| DATA RECORDS |
——————————

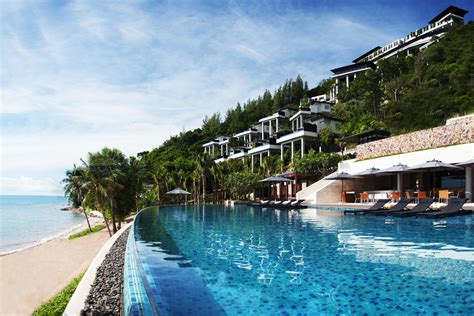 Four Great Koh Samui Resorts - International Traveller Magazine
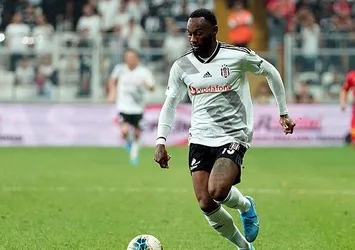 Rüzgarın oğlu N'Koudou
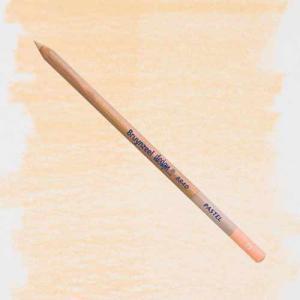 Bruynzeel Design Pastel Pencil - Light Flesh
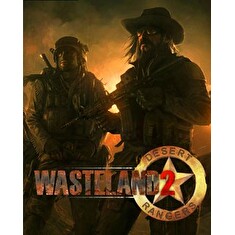 ESD Wasteland 2 Directors Cut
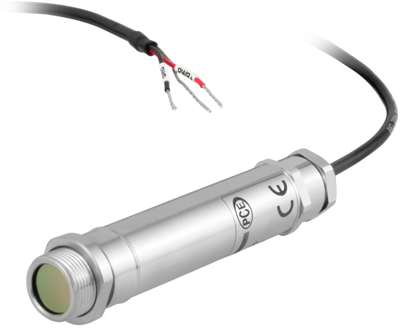 PCE-IR 50 PCE Instruments Thermometers and Displays Image 1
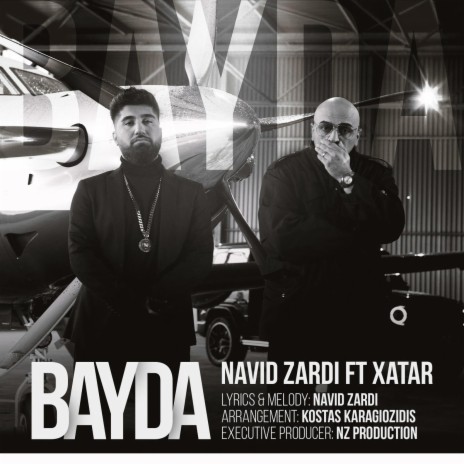 Bayda (feat. XATAR)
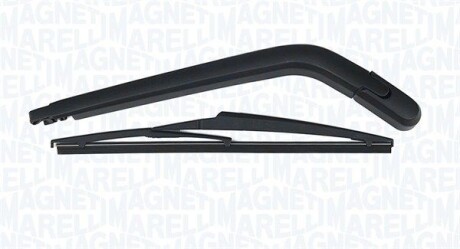 Склоочисник - MAGNETI MARELLI 000723180005
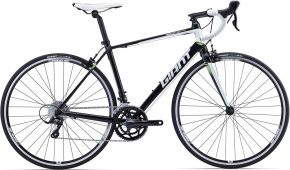 GIANT Велосипед шоссейный GIANT Defy 3 (2016)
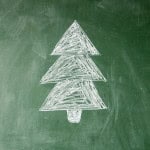 What to Write in a Teacher's Christmas Card: Personalize It!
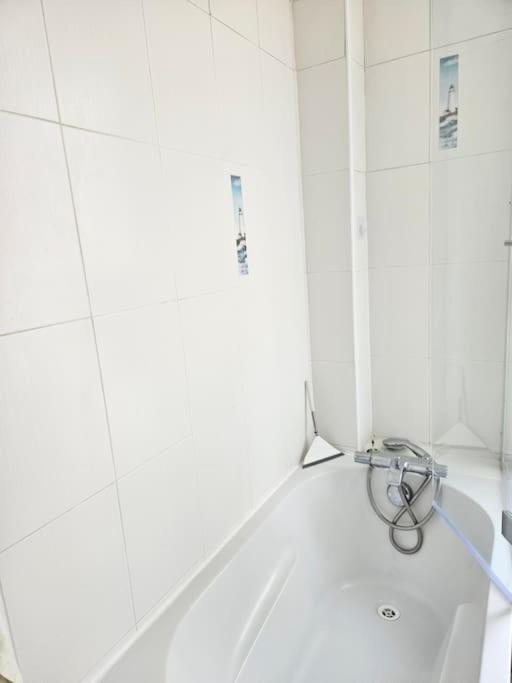 ヴァンセンヌParis, Mon Amour Charmant T2 Balconsアパートメント エクステリア 写真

——————————

Take the lines from the one holding "Bruynzeel Design Pastel Pencil - Light Flesh" through the last line of the data above and copy them exactly, both ends included, omitting all pictures.

| ANSWER TO THE PROBLEM |
 Bruynzeel Design Pastel Pencil - Light Flesh
 ESD Wasteland 2 Directors Cut
 PCE-IR 50 PCE Instruments Thermometers and Displays Image 1
 Bayda (feat. XATAR)
 Склоочисник - MAGNETI MARELLI 000723180005
 GIANT Велосипед шоссейный GIANT Defy 3 (2016)
 What to Write in a Teacher's Christmas Card: Personalize It!
 ヴァンセンヌParis, Mon Amour Charmant T2 Balconsアパートメント エクステリア 写真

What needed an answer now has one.